**Material provided:**
*** Block opens ***

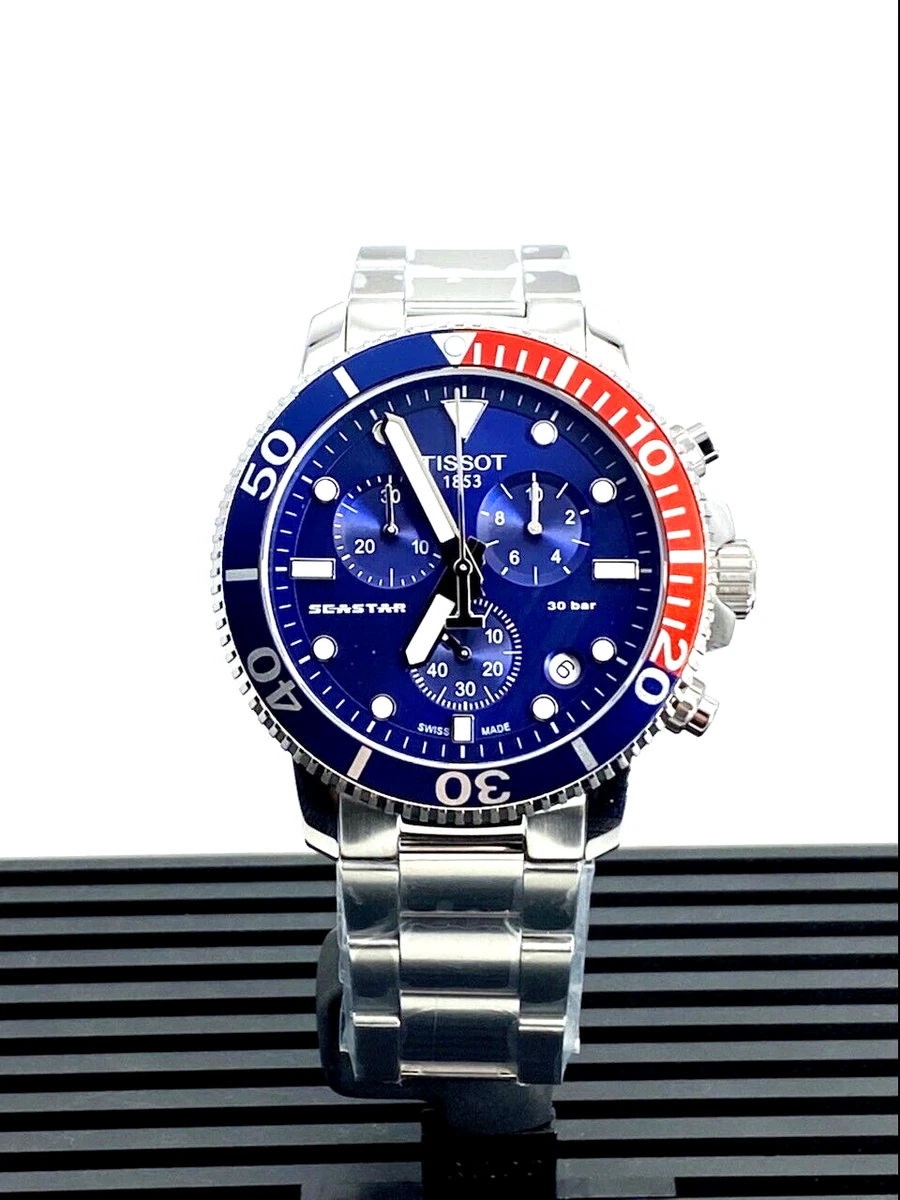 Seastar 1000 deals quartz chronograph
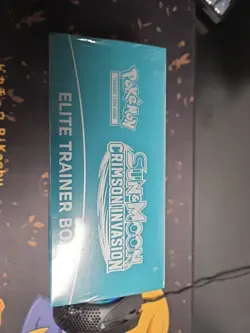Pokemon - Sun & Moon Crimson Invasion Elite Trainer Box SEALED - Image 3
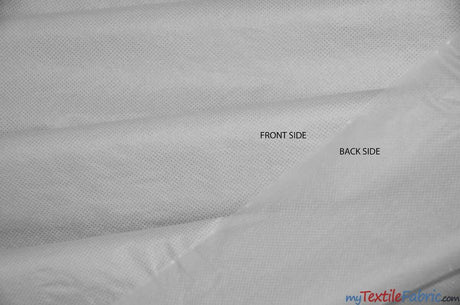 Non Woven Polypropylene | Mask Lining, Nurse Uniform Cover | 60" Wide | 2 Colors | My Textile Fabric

*** Block closes ***

**Task brief:**
Wherever a picture appears in the material above, skip it and copy the rest without change.

**Solution:**
 Seastar 1000 deals quartz chronograph
Pokemon - Sun & Moon Crimson Invasion Elite Trainer Box SEALED - Image 3
 Non Woven Polypropylene | Mask Lining, Nurse Uniform Cover | 60" Wide | 2 Colors | My Textile Fabric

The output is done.